A nurse is assessing a client with obsessive-compulsive disorder (OCD) The client reports that they have been having recurrent thoughts about contamination. Which of the following is the most appropriate nursing diagnosis for this client?
Impaired social interaction.
Anxiety.
Risk for self-harm.
Obsessive-compulsive disorder.
The Correct Answer is B
Choice A rationale:
Impaired social interaction. This choice is not the most appropriate nursing diagnosis for a client with obsessive-compulsive disorder (OCD) experiencing recurrent thoughts about contamination. OCD primarily involves anxiety-driven behaviors and rituals rather than impaired social interaction.
Choice B rationale:
Anxiety. This is the correct answer. Given that the client is experiencing recurrent thoughts about contamination, the most appropriate nursing diagnosis is anxiety. OCD is characterized by intrusive thoughts and rituals driven by anxiety.
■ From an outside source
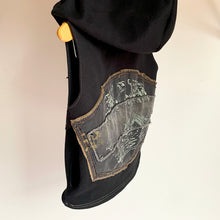 Load image into Gallery viewer, Upcycled from adult cotton hoodie, a Spiritual Gangster graphic tee, and salvaged eagle graphic from an adult jacket. Drawstring cord on hood, two side pockets for little tiny hands and finds...a super cute little layer of love and warrior vibes.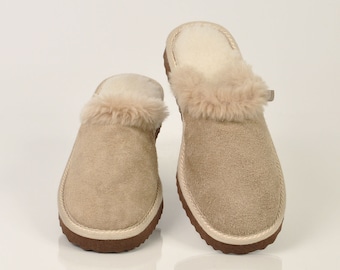Women's slippers, Fur slippers, Sheepskin slippers, Wool slippers, Beige slippers, Winter slippers, warm slippers, Slippers for gift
Addressing the anxiety component is essential for effective treatment.
Choice C rationale:
Risk for self-harm. While individuals with severe OCD may experience distress, the given information does not indicate an immediate risk for self-harm. Anxiety is the more relevant issue in this scenario.
Choice D rationale:
Obsessive-compulsive disorder. This choice describes the client's condition rather than a nursing diagnosis. Nursing diagnoses are used to identify specific client problems that nurses can address through care and interventions.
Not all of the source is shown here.